Personale, ai fondi decentrati tutti i compensi per attività extra non autorizzate

images(Daniela Lo Piccolo) L’articolo 53 del D.lgs n. 165/2001, reca disposizioni dalle quali si desume che ai dipendenti pubblici si applica il principio della esclusività della prestazione lavorativa, per cui essi non possono avere altri rapporti, se non nei casi previsti dalla normativa oppure previa autorizzazione della propria amministrazione, autorizzazione che, peraltro, deve essere formalmente concessa.

La sentenza dei giudici contabili siciliani stabilisce che non ha alcun rilievo, al fine di determinare la legittimità dello svolgimento di un’attività ulteriore senza autorizzazione, il fatto che una attività lavorativa svolta alle dipendenze della Pubblica amministrazione abbia natura privatistica. E neppure che sia prevista la possibilità di svolgimento di attività ulteriori previa autorizzazione.
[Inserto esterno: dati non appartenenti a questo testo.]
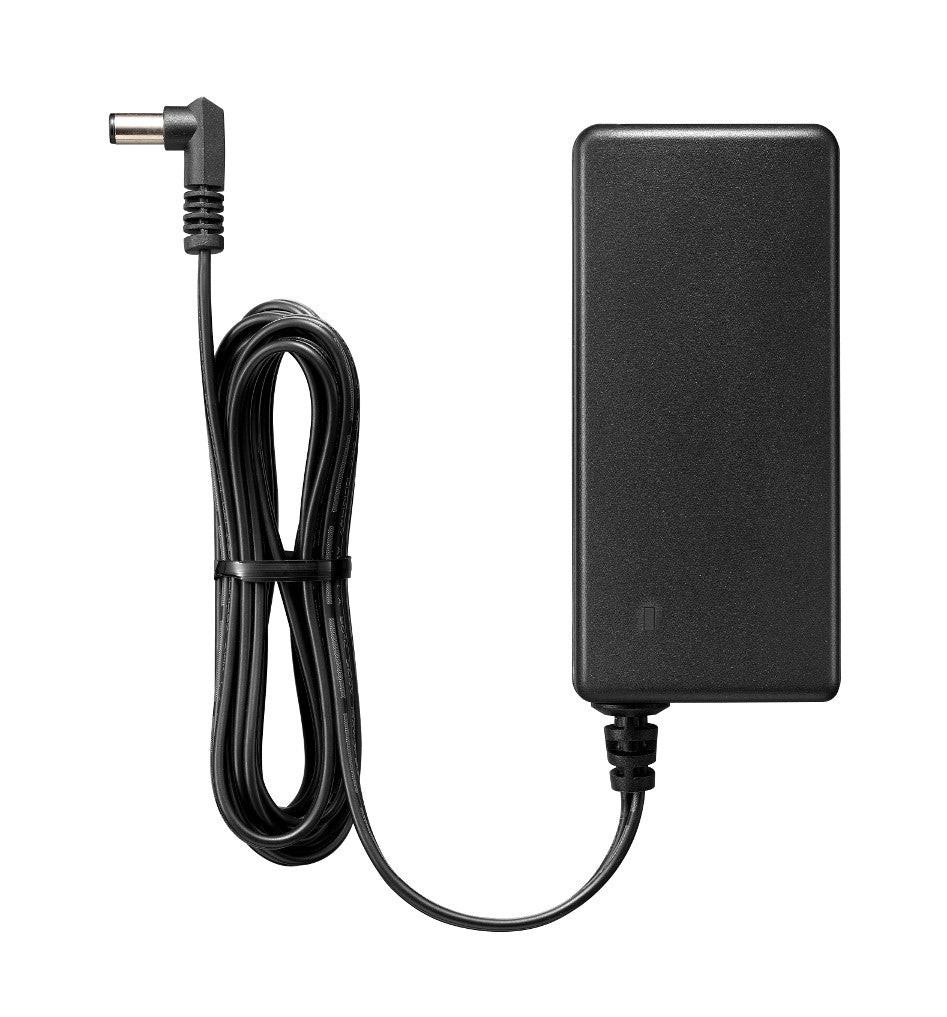 TOA AD-5000-2 US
La Corte dei Conti, sezione di appello della Sicilia, con sentenza n. 210/2015, ha statuito che i dipendenti pubblici che svolgono attività lavorative per altri soggetti, sia che si tratti di pubbliche amministrazioni o di datori di lavoro privati – e che non siano autorizzati, anche se queste prestazioni hanno natura privatistica, devono versare al fondo per la contrattazione decentrata della amministrazione datore di lavoro tutti i compensi ricevuti per questa via. A tale sanzione va, poi, ad aggiungersi l’obbligo della irrogazioni di misure disciplinari, che possono arrivare al culmine massimo del licenziamento senza preavviso.

La circostanza che la prima attività fosse preesistente e svolta per lungo tempo all’atto della assunzione presso l’ente e che il dipendente abbia dichiarato espressamente e formalmente la sussistenza di condizioni di incompatibilità, porta a ritenere che la condotta del dipendente deve essere definita come dolosa e non come gravemente colposa.

La sentenza dice che il dipendente «è obbligato a versare tutti gli emolumenti, a lui dovuti per tali attività, nel conto dell’entrata del bilancio dell’amministrazione d’appartenenza, affinché siano destinati a incrementare il fondo di produttività o fondi equivalenti». Le risorse vanno quindi al fondo per la contrattazione decentrata dell’ente da cui il lavoratore dipende. È da sottolineare, infine, che la sentenza di appello ha aumentato la misura della sanzione, portandola al totale dei compensi che il dipendente ha ricevuto per svolgere attività ulteriori senza essere previamente autorizzato, mentre in primo grado in via equitativa era stata prevista una riduzione della misura della sanzione.